** Opening SUPPLIED RECORDS block **
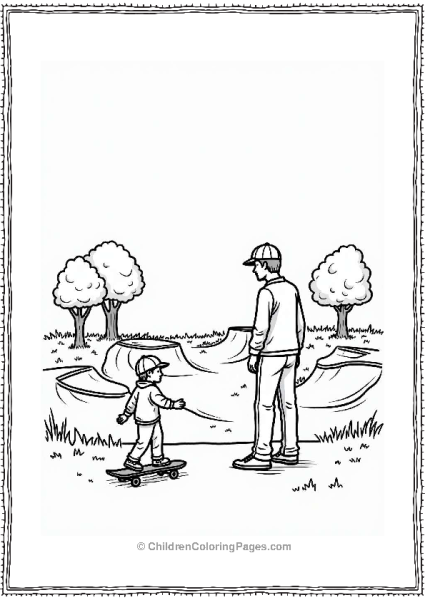 Father And Child Skateboarding Free PDF Printable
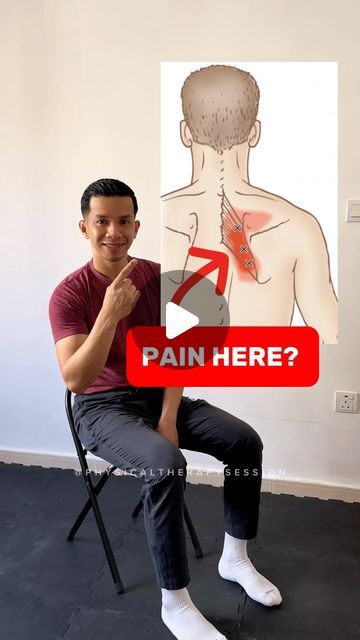 Rhomboid Pain Relief, Rhomboid Stretch, Resistance Band Stretches, Shoulder Pain Relief, Natural Health Tips, Senior Fitness, Yoga Health, Resistance Bands, Shoulder Pain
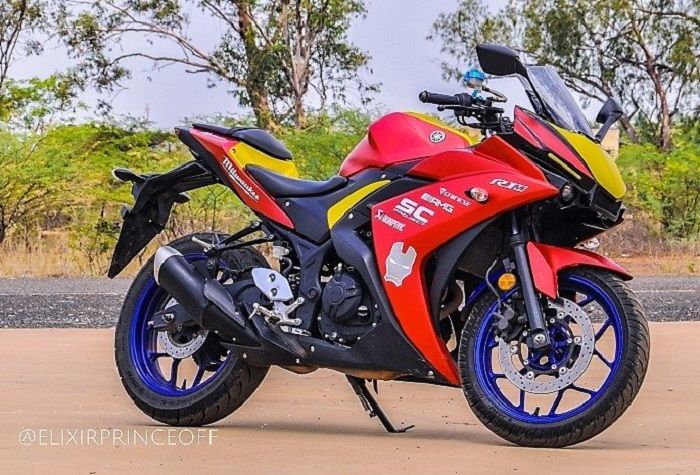 Yamaha R3 Iron Man ini cocok banget jadi inspirasi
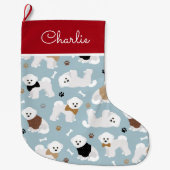 Bichon Frise Botten en Paws Blue Grote Kerstsok (Voorkant)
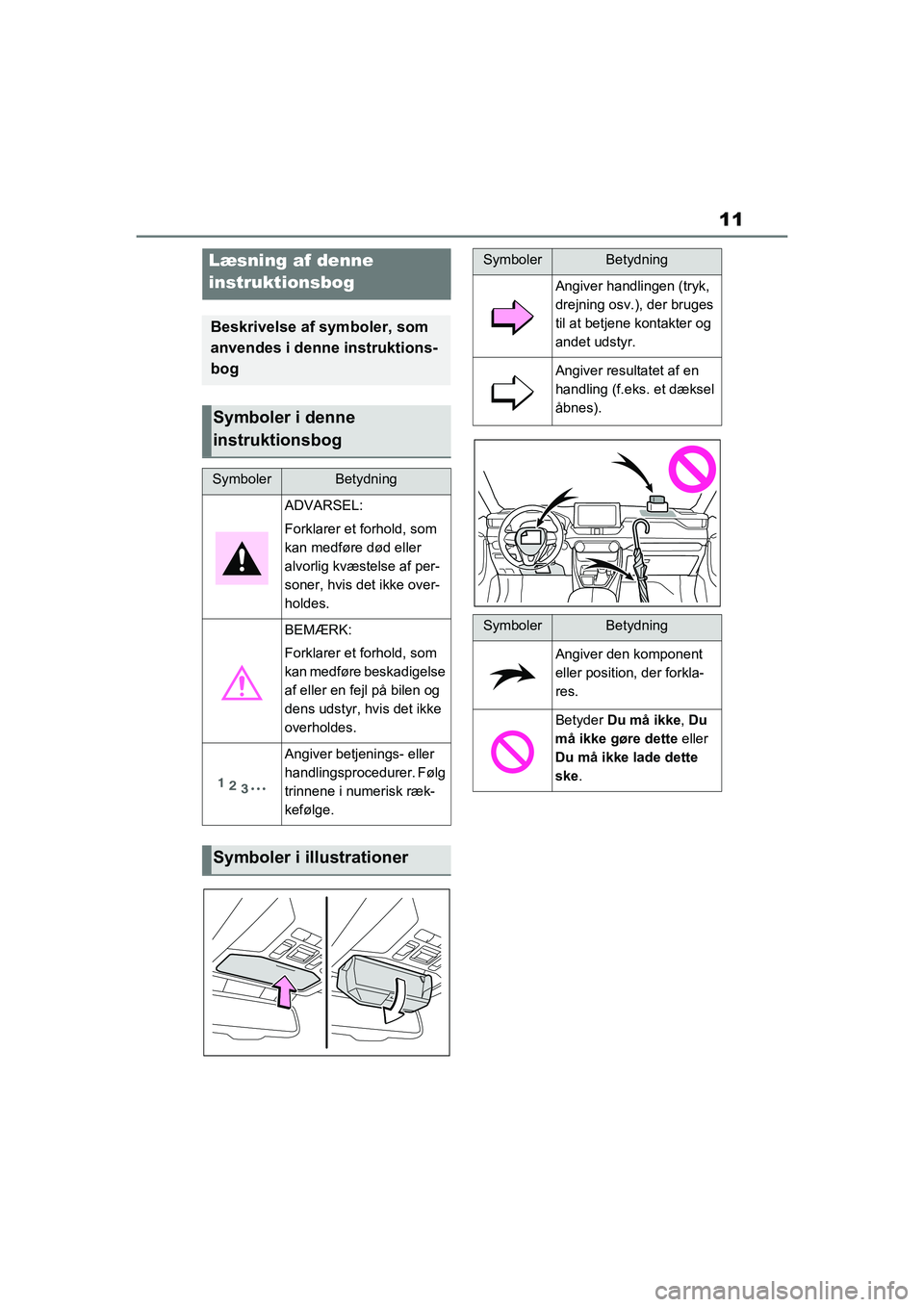 TOYOTA RAV4 2021 Brugsanvisning (in Danish) 11
Læsning af denne
instruktionsbog
Beskrivelse af symboler, som
anvendes i denne instruktions-
bog
Symboler i denne
instruktionsbog
SymbolerBetydning
ADVARSEL:
Forklarer et forhold, som
kan medf TOYOTA RAV4 2021 Brugsanvisning (in Danish) 11
Læsning af denne
instruktionsbog
Beskrivelse af symboler, som
anvendes i denne instruktions-
bog
Symboler i denne
instruktionsbog
SymbolerBetydning
ADVARSEL:
Forklarer et forhold, som
kan medf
** Closing SUPPLIED RECORDS block **
> **WHAT IS BEING ASKED**:
Each entry is to be given again exactly as it stands, with its pictures removed.

> **SOLUTION TO THIS EXERCISE**:
 Father And Child Skateboarding Free PDF Printable
 Rhomboid Pain Relief, Rhomboid Stretch, Resistance Band Stretches, Shoulder Pain Relief, Natural Health Tips, Senior Fitness, Yoga Health, Resistance Bands, Shoulder Pain
 Yamaha R3 Iron Man ini cocok banget jadi inspirasi
 Bichon Frise Botten en Paws Blue Grote Kerstsok (Voorkant)
 TOYOTA RAV4 2021 Brugsanvisning (in Danish) 11
Læsning af denne
instruktionsbog
Beskrivelse af symboler, som
anvendes i denne instruktions-
bog
Symboler i denne
instruktionsbog
SymbolerBetydning
ADVARSEL:
Forklarer et forhold, som
kan medf TOYOTA RAV4 2021 Brugsanvisning (in Danish) 11
Læsning af denne
instruktionsbog
Beskrivelse af symboler, som
anvendes i denne instruktions-
bog
Symboler i denne
instruktionsbog
SymbolerBetydning
ADVARSEL:
Forklarer et forhold, som
kan medf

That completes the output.